A report published earlier this year by the HBF noted that in the last quarter century the UK’s number of SME builders has fallen by around 80%. Simply returning to the number active in 2007 could add some 25,000 extra new homes to the annual tally.

Small companies expanded quickly in the 1960s and 1970s, to a 1988 peak of 12,000. In contrast today, few new SMEs get a foothold and established small companies are finding it hard to grow.

In addition to difficult finance access, HBF research points to increasingly complex planning and regulatory systems as major brakes on small company entrepreneurism. The risky and expensive planning permission process has stymied SMEs lacking the resources and financial clout to circumvent them.

While bank lending to SMEs has increased generally since the financial crisis of 2008, building has missed out.

Among the steps recommended to the Government by the HBF this year are the following.

  • A new Help to Build scheme extending sustainable lending to small builders.
  • Tackling planning problems that hit SMEs hard, including a lack of small sites and adverse pre-commencement conditions.
  • Giving SMEs access to tax incentives enjoyed in other sectors.
  • Providing technical and planning advice services for young businesses.
  • Tackling Brexit opportunities to reform EU regulations and cut the risks and complexities of new homebuilding.
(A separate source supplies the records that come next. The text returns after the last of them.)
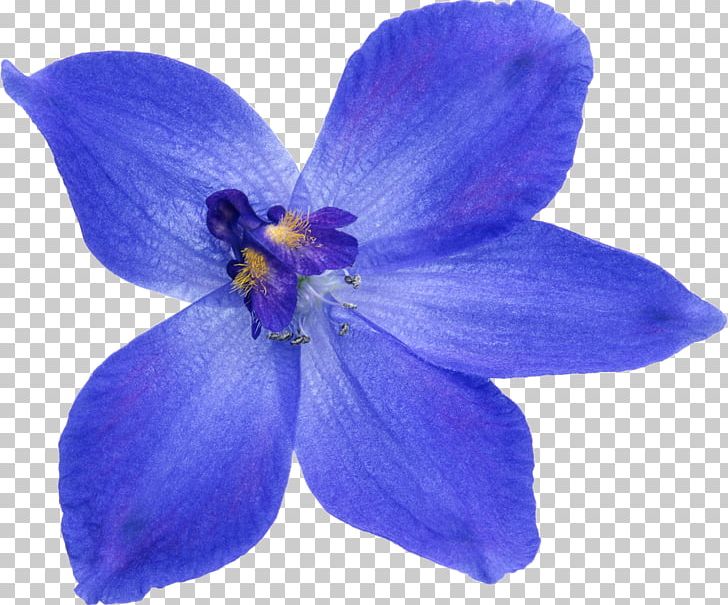 Flower Blue PNG, Clipart, Bellflower Family, Blue, Blue Flower, Delphinium, Flower Free PNG Download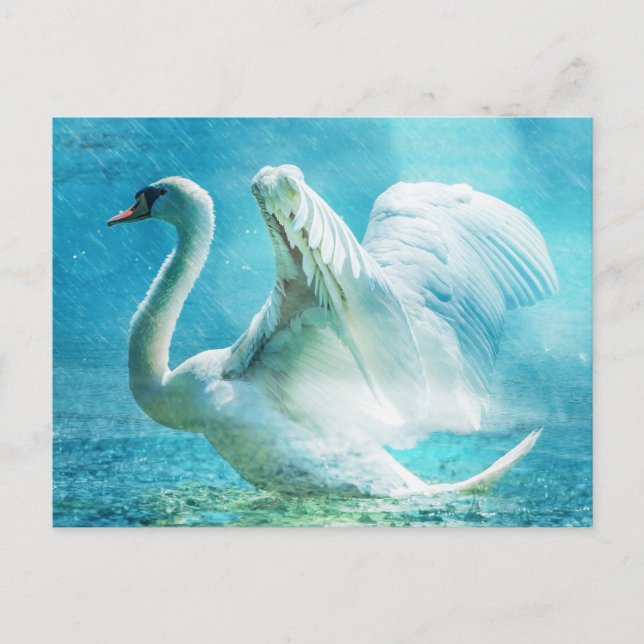 Magical Swan During a Summer Shower Postcard (Front)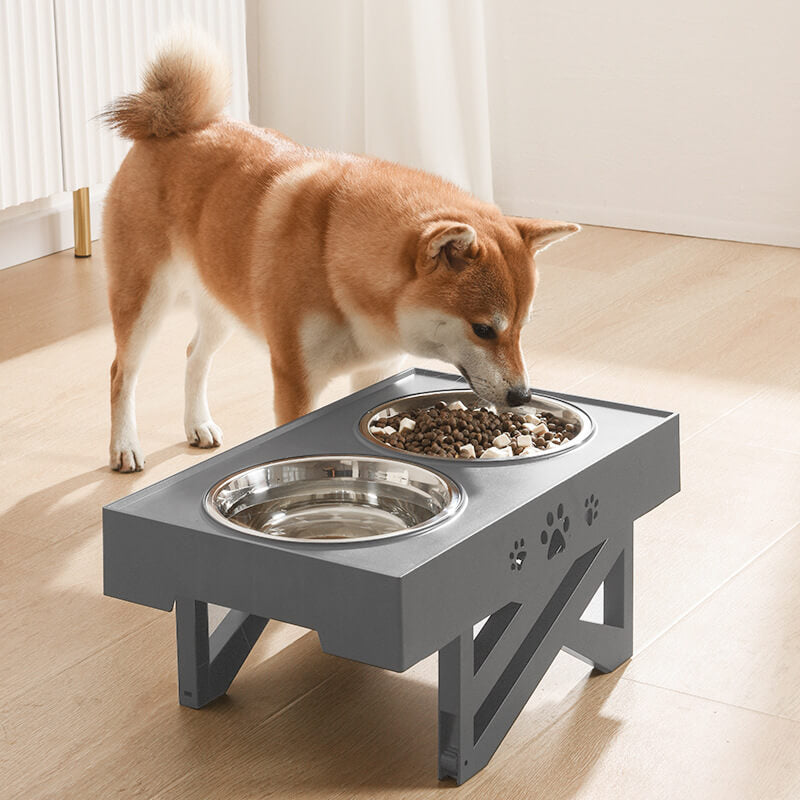 Elevated Slow Feeder Dog Bowl with Adjustable Height for Healthy Eating 1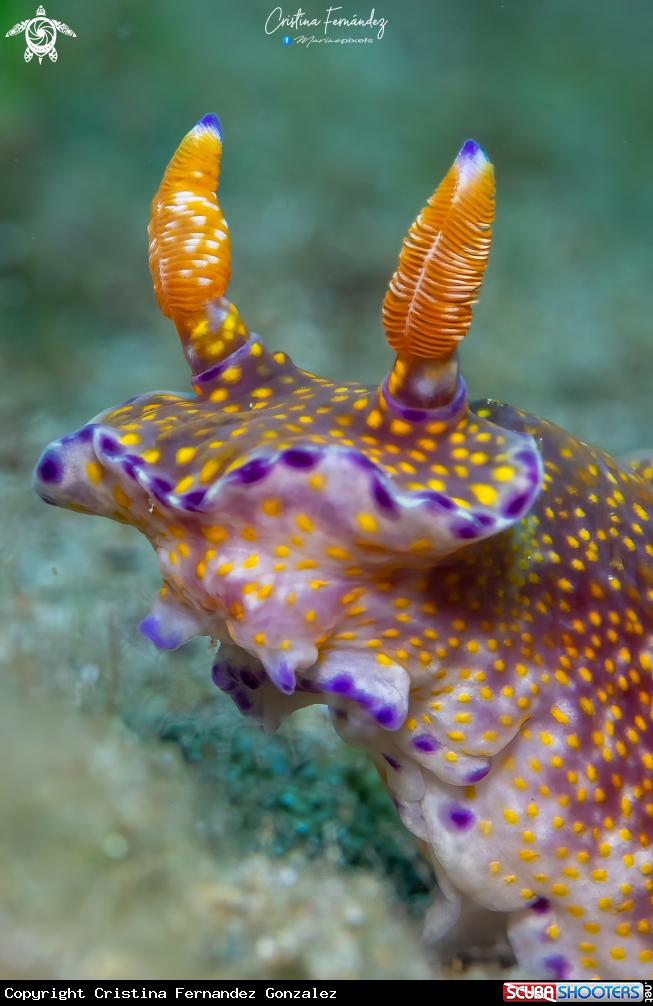 A Nudibranch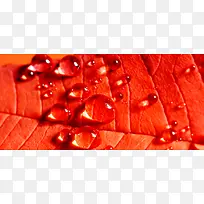红叶背景透明水珠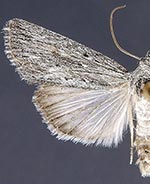 Catabena sagittata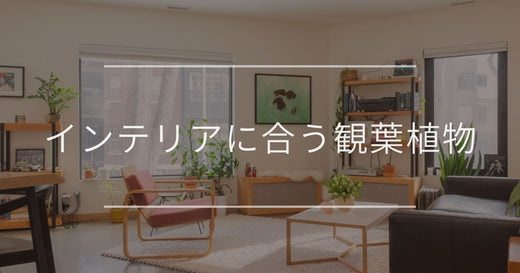 インテリアに合う観葉植物｜コーディネート例や飾り方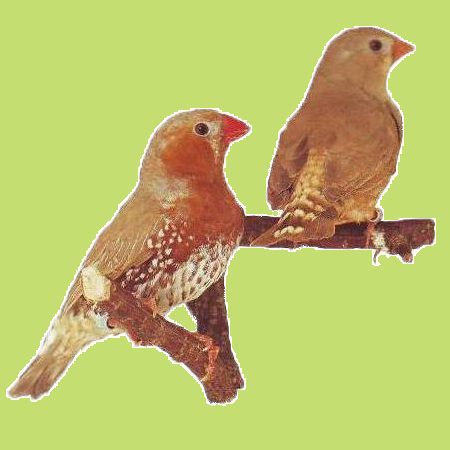 narancs-fekete-mellu-barna.jpg narancs-fekete-mellu-barna.jpg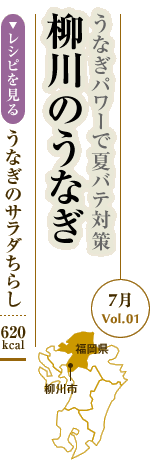 7月Vol.01：うなぎパワーで夏バテ対策　川のうなぎ
うなぎのサラダちらし：620kcal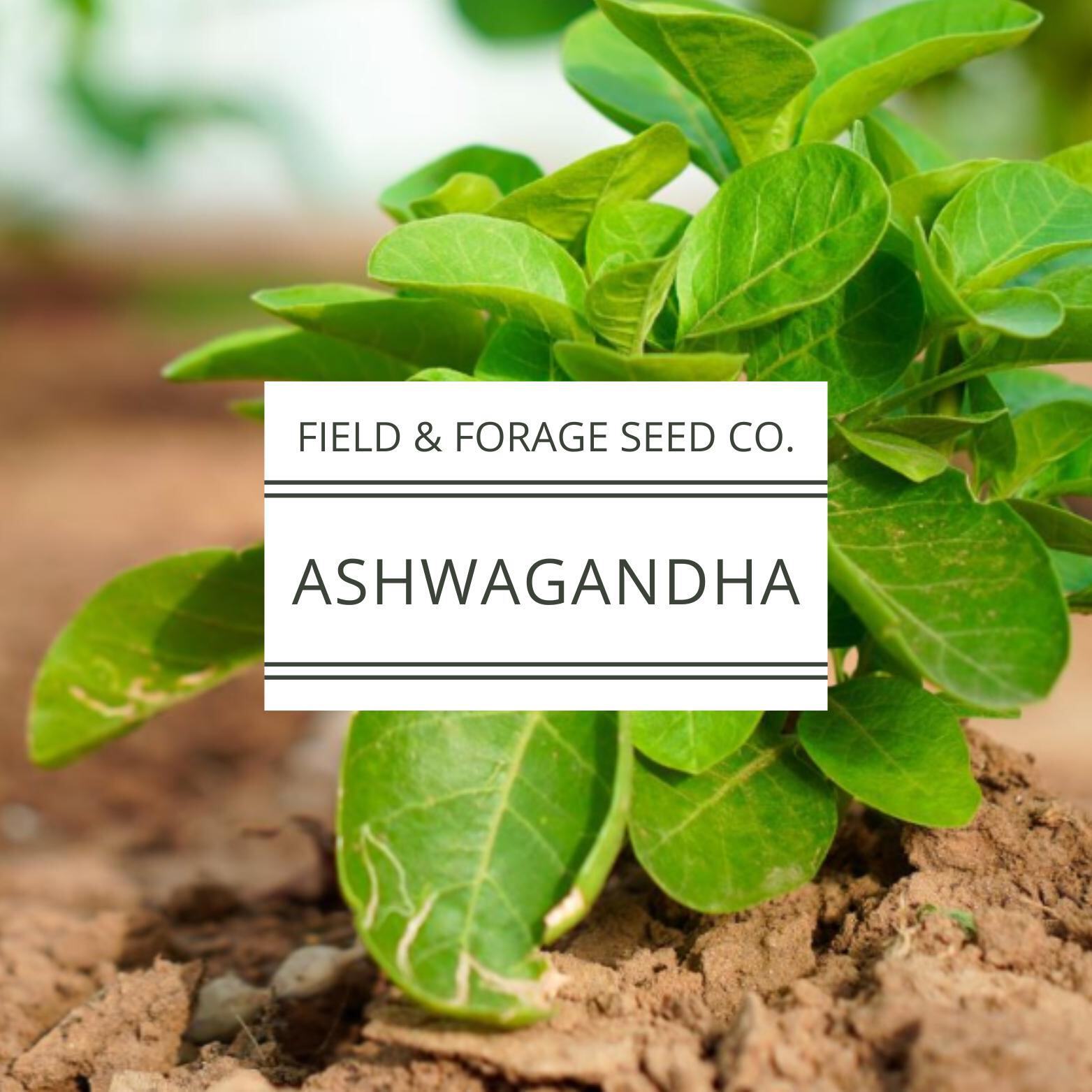 Ashwagandha Seeds | Withania somnifera | Heirloom | Non-GMO Herbal Gardens | 30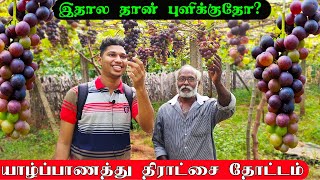 அவதானம் 🚫இப்படி திராட்சை பழம் வேண்ட வேண்டாம் | Jaffna Grapes Garden Tour #urumpirai #ks_shankar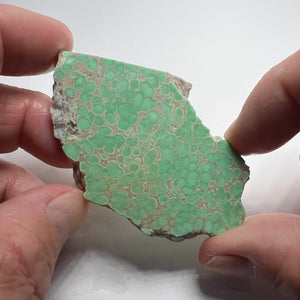 Lucin Variscite - Utah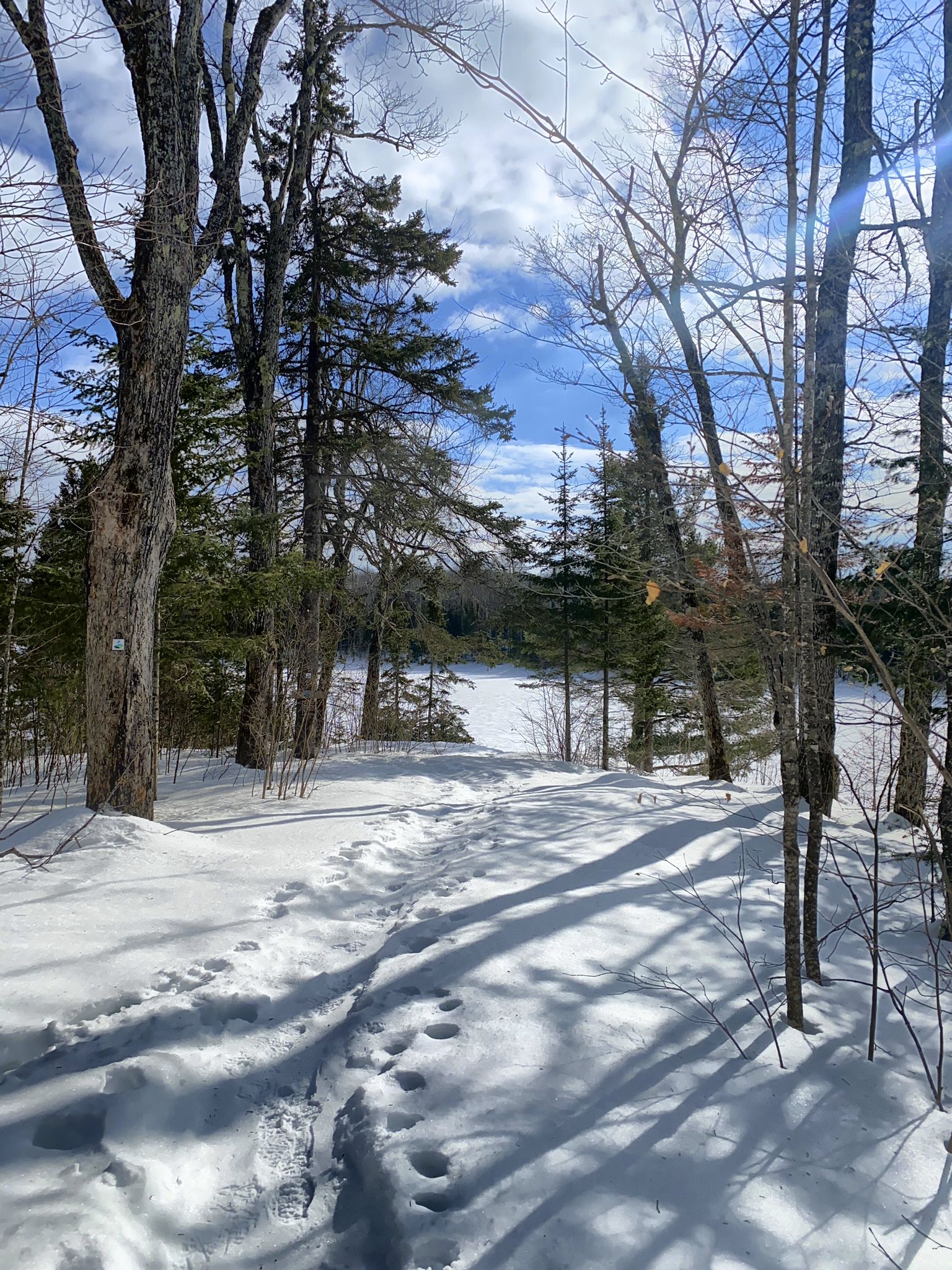 Snowy path with footprints leading through tall trees on a bright day. - Lake Agnes loop from East Poplar River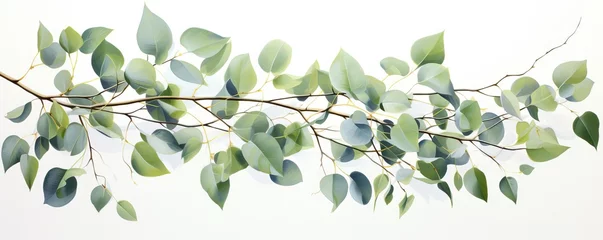 Foto op Plexiglas A branch of eucalyptus leaves painted in watercolors. © Expert Mind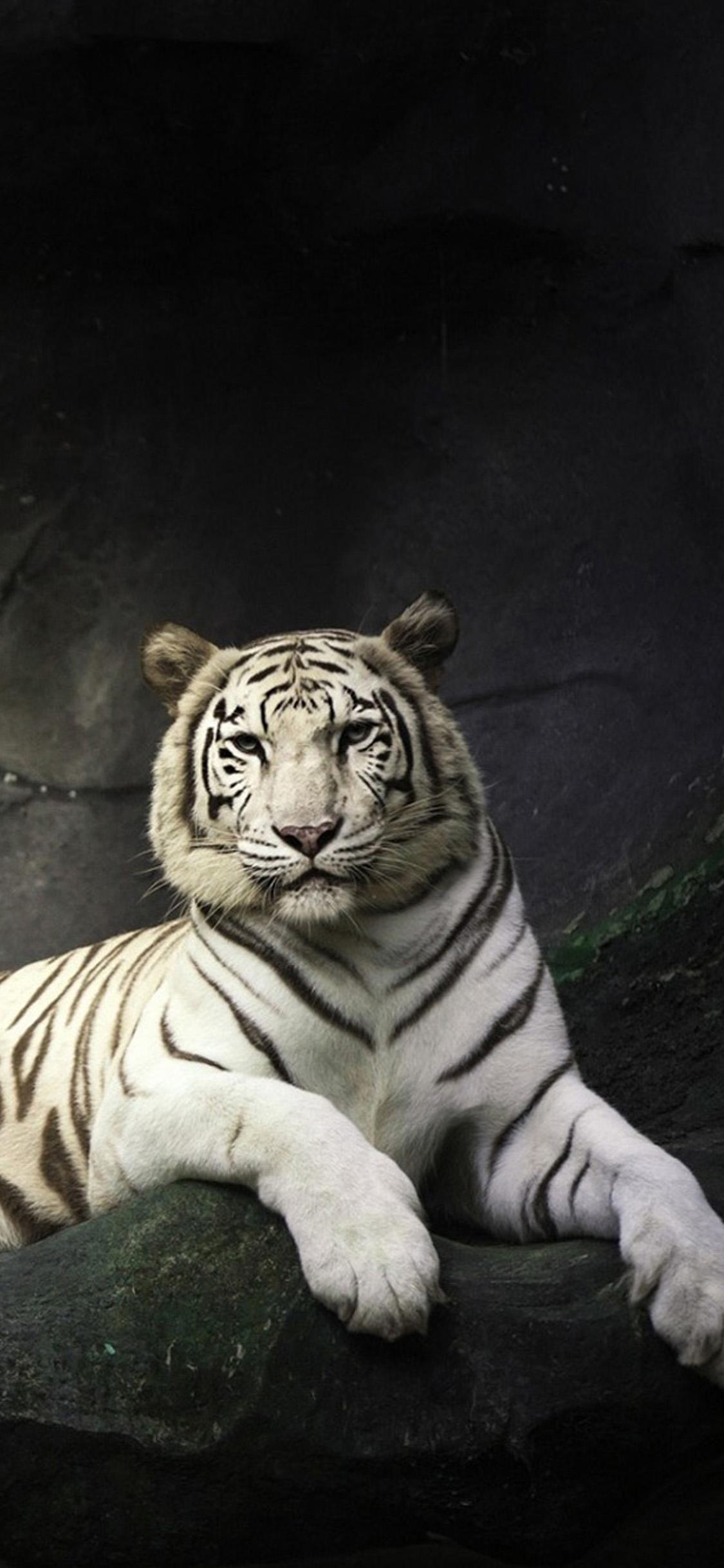 White Tiger iPhone Wallpapers Top Free White Tiger iPhone Backgrounds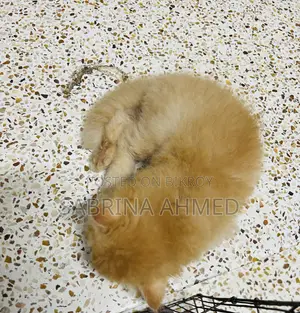 1-3 Months Male Purebred Persian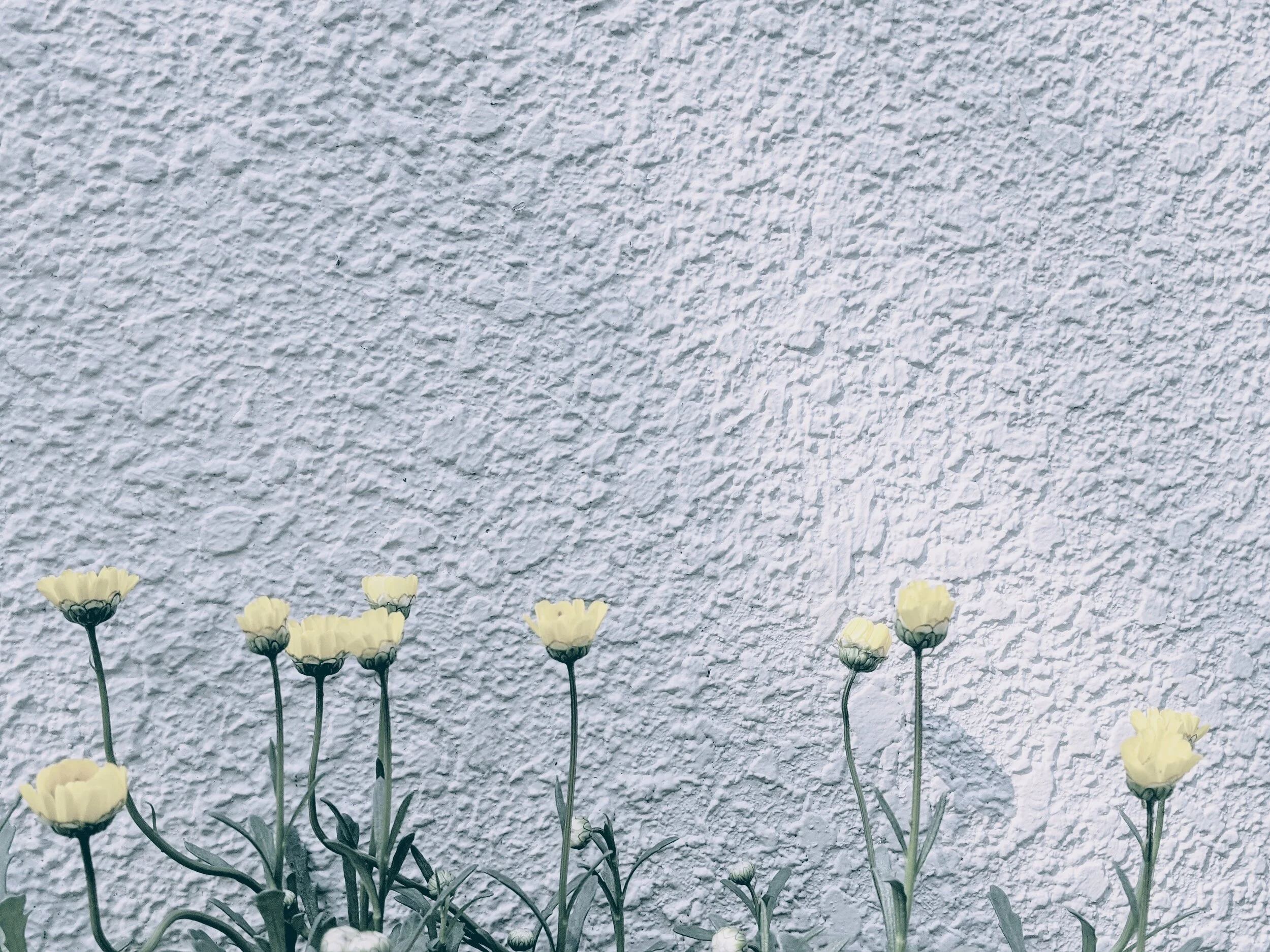 花はいいなぁ
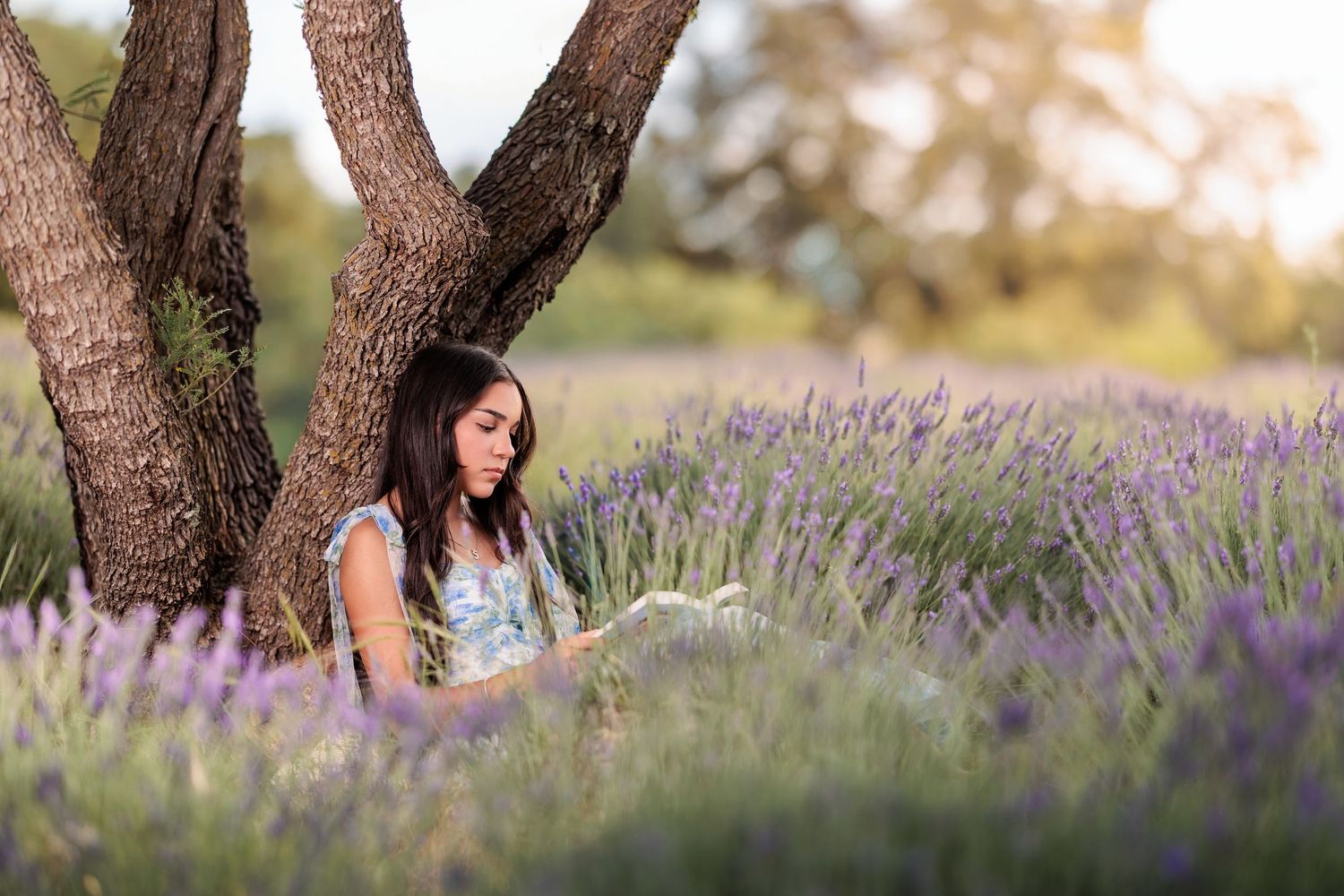 senior girl reading in a lavender field tucson, az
HBF added that removing “the barriers for SME builders could result in tens of thousands of desperately needed additional homes being built and boost economies up and down the country.”

Figures

Recent statistics from HBF’s housing pipeline survey show that permission was granted to build 293,127 new homes in 2016, the highest total since 2006.

This statistic is usually reflected in the number of new houses completed and on the market three to four years later. It indicates that housebuilding is likely to continue increasing in the near future, says the HBF, which also comments that this delay shows the time needed to complete the lengthy planning process, from initial outline planning permission to the start of active work on site.

It regards as good news the fact that local authority figures show that the number of permissions is rising, but questionable news that the number of sites fell from 19,600 in 2015 to 17,500 in 2016. This indicates that permissions are being granted for large sites, it adds.

Because large sites need more information, permissions take longer before work starts; there is also a warning for local authorities not to reply on one large site to meet their housing needs.

Alternative view

The housing and homeless charity Shelter says the delay in providing adequate numbers of affordable homes cannot be left to what it describes as a speculative housebuilding system.

It adds that 8 out of 10 working, private renting families cannot afford a newly-built home in their area, even if they can save up a large enough deposit.

Shelter says that developers compete against each other to outbid landowners based on assumptions of how many homes they can build, what they can sell them for and what contribution they are expected to make to local community infrastructure.

It says competitive pressures work against the public interest.

Tinkering with the system to improve planning and incentivise developers while also helping potential homeowners has failed, it adds.

Shelter’s suggested answer is what it describes as a smaller version of the way in which communities such as Edinburgh’s New Town, Letchworth Garden City and Milton Keynes were developed. This it calls New Civic Homebuilding.

The concept is based on the principle that the aim of building homes is to benefit the people who live in them and their community.

Instead of the public benefitting from whatever value is left after profits have been taken in the present speculative model, Shelter wants Government to back its alternative whereby profits are determined by how much value is left after the public interest has been served.

It is expecting opposition to its analysis and policies but says a new balance must be struck between appropriate returns for housebuilders and landowners and the need to boost actual new home numbers. What was possible on prestige developments in the past should be applicable today.